Emily Grieson was a woman with a tragic life story. Through the story of A Rose for Emily, the writer, William Faulkner makes symbolic references of Emily’s appearance. Through Emily’s life transitions and mental disintegration her appearance becomes dilapidated. Judith Fetterley, a feminist writer, also mentions the effects of the time period and what is expected of a woman on Emily’s appearance, in her interpretation of the story. In an interview with William Faulkner he also describes the pressure of the time period on Emily.
A Rose for Emily tells of family history of insanity. Her father was a mighty overbearing man. The Grierson’s held themselves in higher regard than they were worthy of. When Emily was of age, her father would not let any man court her. She was described as a slender woman dressed in white when she was a young woman ready for marriage.
Emily shows signs of a mental collapse when her father passed away. She left his body in her house for three days and did not show any sign of grief.
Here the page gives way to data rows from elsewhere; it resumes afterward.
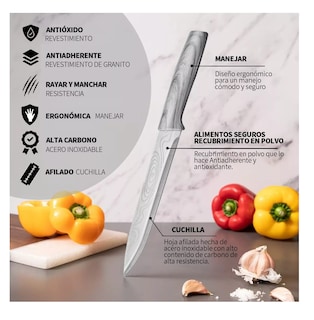 Foto 2 | Set De Cuchillos De Cocina Profesional Con Tabla Para Cortar Plateado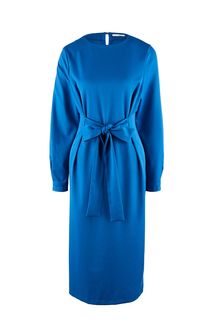 Синее платье с разрезом сзади La Biali
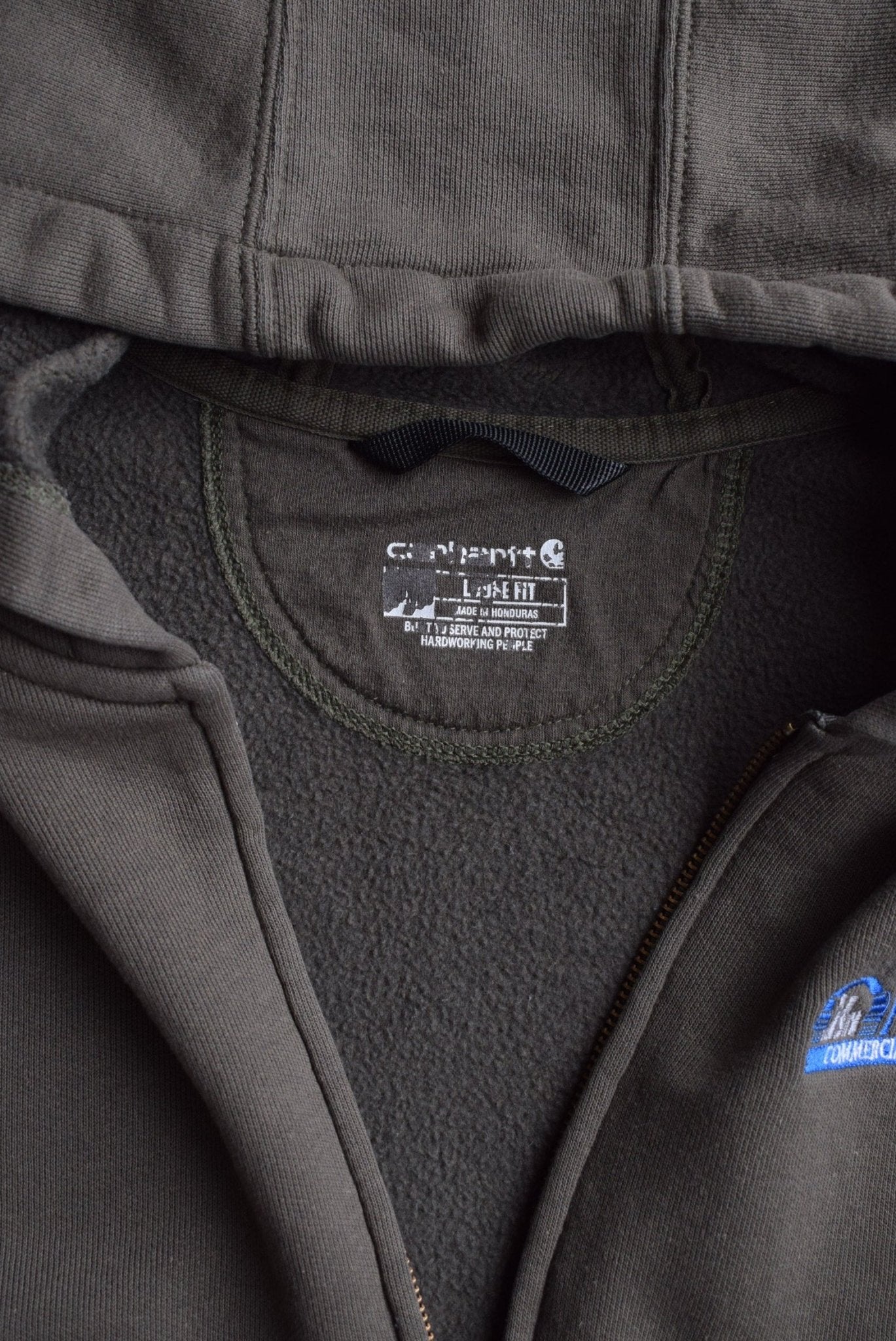 Carhartt Green Embroidered Full-Zip Hoodie — 2000s (XL/XXL) - Retrospective Store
The town people did not question her mental capacity because her father was very controlling of her life. Faulkner describes the town people saying, “We did not say she was crazy then. We believed she had to do that. We remembered all the young men her father had driven away and we knew that with nothing left, she would have to cling to that which robbed her, as people will. Emily was sick for a long time after her father’s death. She cut her hair short, making her look like a little girl. She was described as looking tragic, yet serene. She was actually thinner than usual.”
Emily meets Homer Barron and have a romantic relationship. The town people all whisper their opinions of Emily throughout their courtship. They whisper things like, “Poor Emily.” The town people all believed that Emily should marry. Emily was living a life pressured by the time period that believed that women were worth as much as the man or she marries. Emily was not married at all. She did many things that made the town people talk and speculate. She bought Arsenic which made the town think she might kill herself. Then, she bought a man’s outfit, which made the town believe she was going to marry Homer Barron. She did not do either.
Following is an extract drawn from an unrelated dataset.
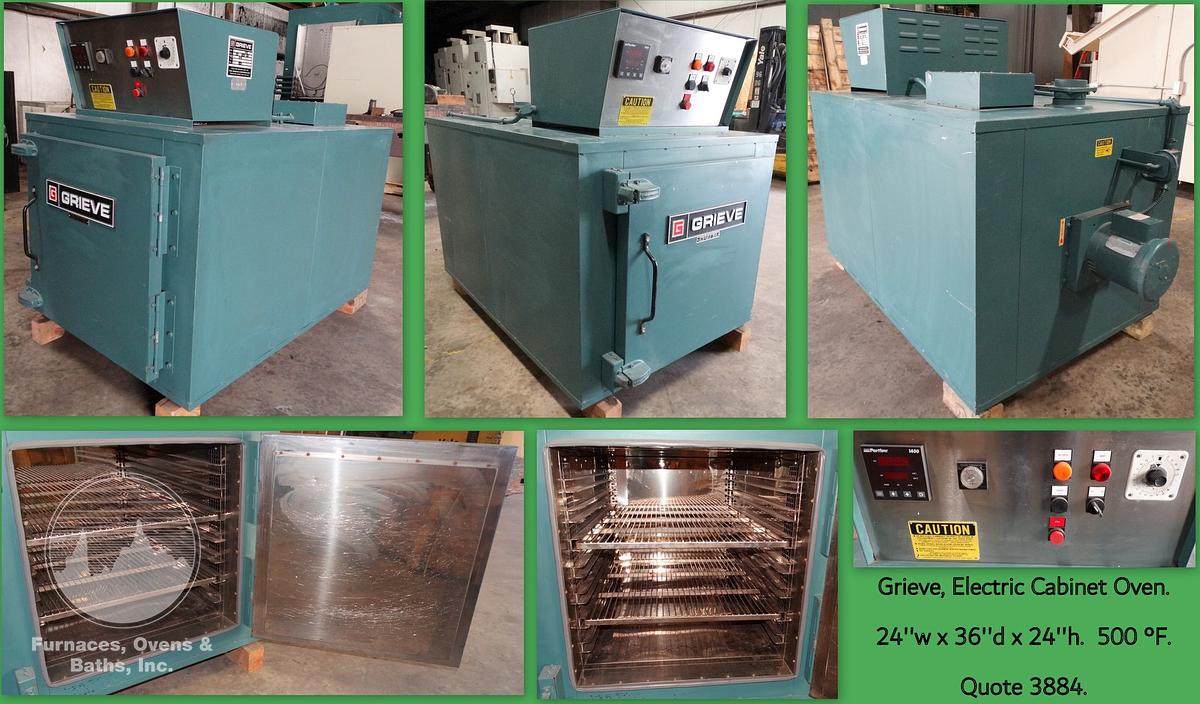 Used 24"W x 24"H x 36"Dp, Grieve AF-500 Cabinet Oven, Electric, 500°F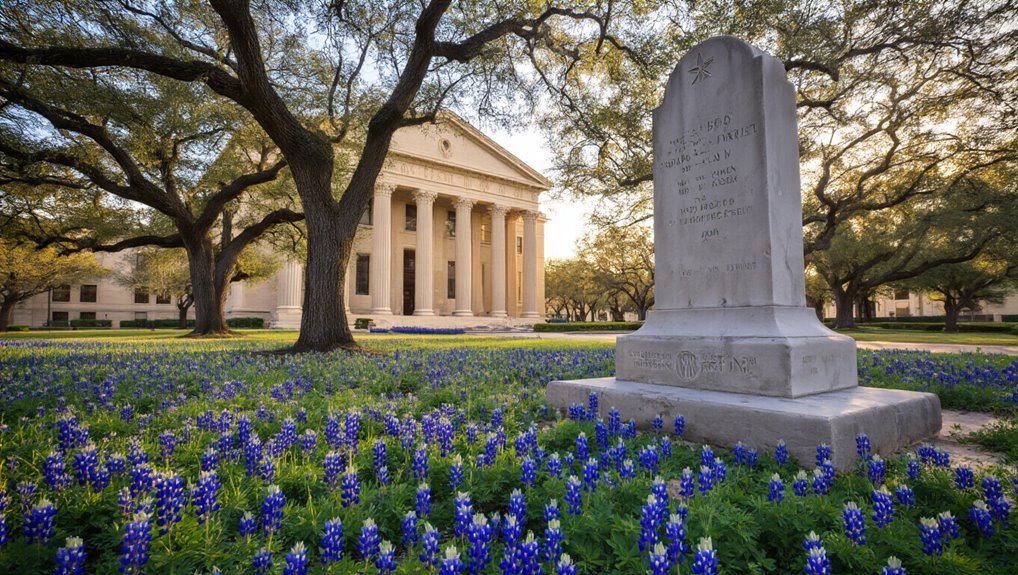 Beautiful image of a church surrounded by lush trees and blooming bluebonnets, creating a serene environment ideal for worship and reflection. Perfect for promoting faith-based community and spiritual growth.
After Homer disappeared, Emily was only seen in her window on occasion. She grew to be fat with a head of gray hair. There was a brief time span of six or seven years that Emily brought herself into the public to give art lessons to young girls. After the girls were grown and stopped the lessons, Emily completely retreated to her house never to be seen again except through the windows. After Emily died, the town discovered the body of Homer Barron in the room prepared for a wedding in the abandoned house. On the pillow next to him, a strand of Emily’s gray hair.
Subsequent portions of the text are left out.